The Supreme Court’s decision is a serious step backwards for women’s rights in the U.S., setting a dangerous and controversial precedent that shakes rights till now taken for granted.

The reversal has undoubtedly opened the door for other such actions and to much debate around the process. Already, in a separate opinion in the same sentence, Judge Clarence Thomas asked the high court to reconsider other precedents, such as the right to contraception or to same-sex relations while Judge Samuel Alito noted that “It is time to abide by the Constitution and return the issue of abortion to the representatives of the people, to the legislative chambers of each state”.

We stand with millions of women across the U.S. and with UN Women – the United Nations body for gender equality and the empowerment of women – when in a statement following news of the decision, it noted that “to be able to exercise their human rights and make essential decisions, women need to be able to decide freely and responsibly on the number and spacing of their children and to have access to information, education, and services”.

Democracy is based on fundamental rights and on respect for the rule of law.

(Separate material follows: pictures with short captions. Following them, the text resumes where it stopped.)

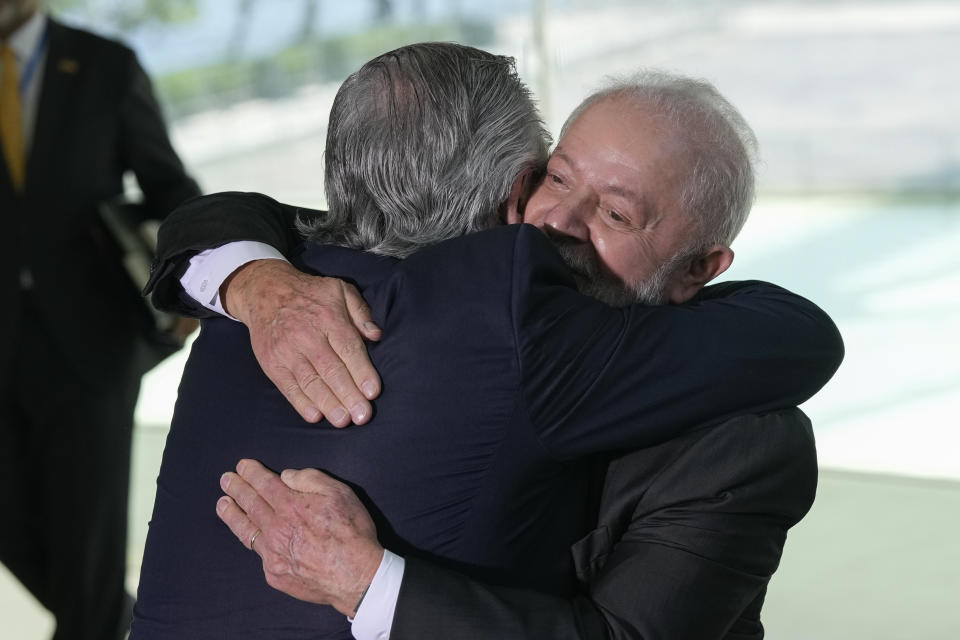 Argentina's President Alberto Fernandez, left, and Brazilian President Luiz Inacio Lula da Silva, embrace during arrivals for the 63rd Mercosur Summit, in Rio de Janeiro, Brazil, Thursday, Dec. 7, 2023. (AP Photo/Silvia Izquierdo)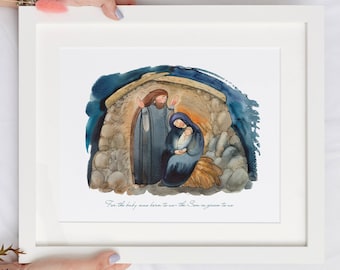 May include: A framed watercolor print depicting the Nativity scene. The artwork features Mary, Joseph, and baby Jesus in a stable, with a stone exterior and a dark blue sky. The text at the bottom reads, "For the baby was born to us - The Son is given to us."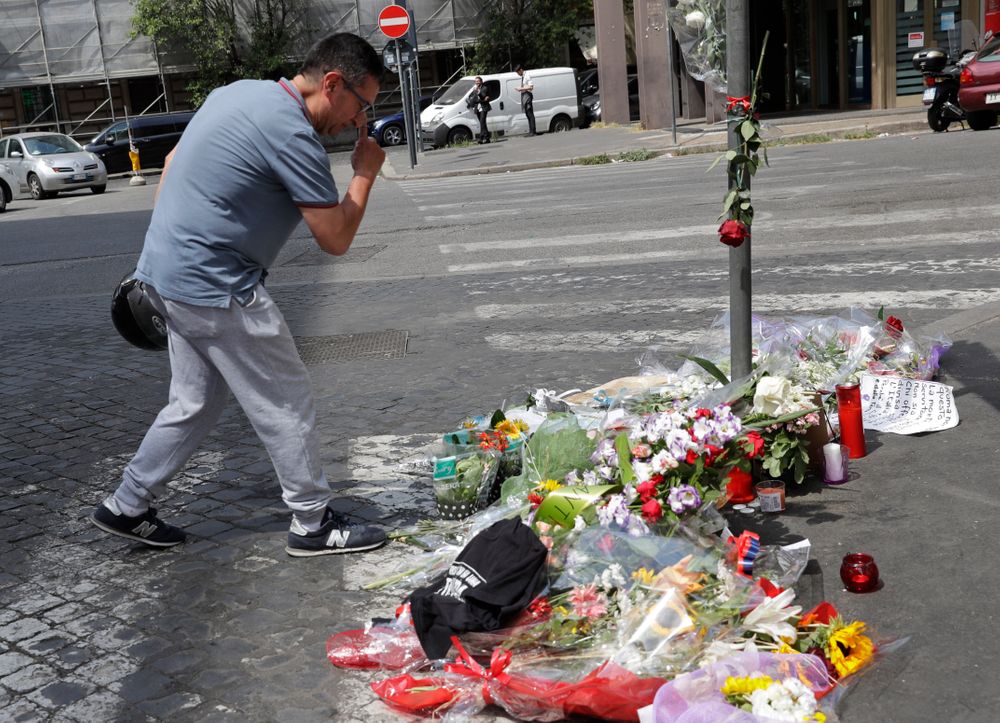 A man wipes his eyes after leaving flowers on the spot where Mario Cerciello Rega was stabbed to death, in Rome, Saturday, July 27, 2019. In a statement Saturday, Carabinieri officers investigating the death Friday of officer Cerciello Rega, 35, said two American turists, both 19, have been detained for alleged murder and attempted extortion. (AP Photo/Andrew Medichini) A man wipes his eyes after leaving flowers on the spot where Mario Cerciello Rega was stabbed to death, in Rome, Saturday, July 27, 2019. In a statement Saturday, Carabinieri officers investigating the death Friday of officer Cerciello Rega, 35, said two American turists, both 19, have been detained for alleged murder and attempted extortion. (AP Photo/Andrew Medichini)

The full exercise of these values largely depends on respecting the views and decisions of others. In this sense, no cherished democracy can deny women the right to freely decide about their bodies. A democratic society must respect their decision and allow them to fully exercise their right to decide. If the right to safe and legal abortion is restricted, women will be forced to turn to other less secure and even life-threatening methods. This will be a particularly crude reality for women in poverty and marginalisation, limited in their capacity to move to less restrictive states to abort.

This regression in terms of individual freedoms is another painful example of democratic and social contract backsliding across the globe. It is also evidence of the increasingly severe challenge of polarisation worldwide, in this case, even in a prosperous, industrialized, democratic country where a woman’s right to decide about her body will depend on the state in which she lives or her capacity to travel to another state where she can freely exercise her right to choose – a divide, not only within US society but between US society and the laws that govern it.

The protests following this Supreme Court decision show the level of dissatisfaction and raw disappointment with the institutions and processes that are supposed to serve and protect both men and women in their rights, to serve and protect democracy. The discrediting of institutions and processes is a risk to democracy. With democracy increasingly endangered, the world as we know and want it is in peril.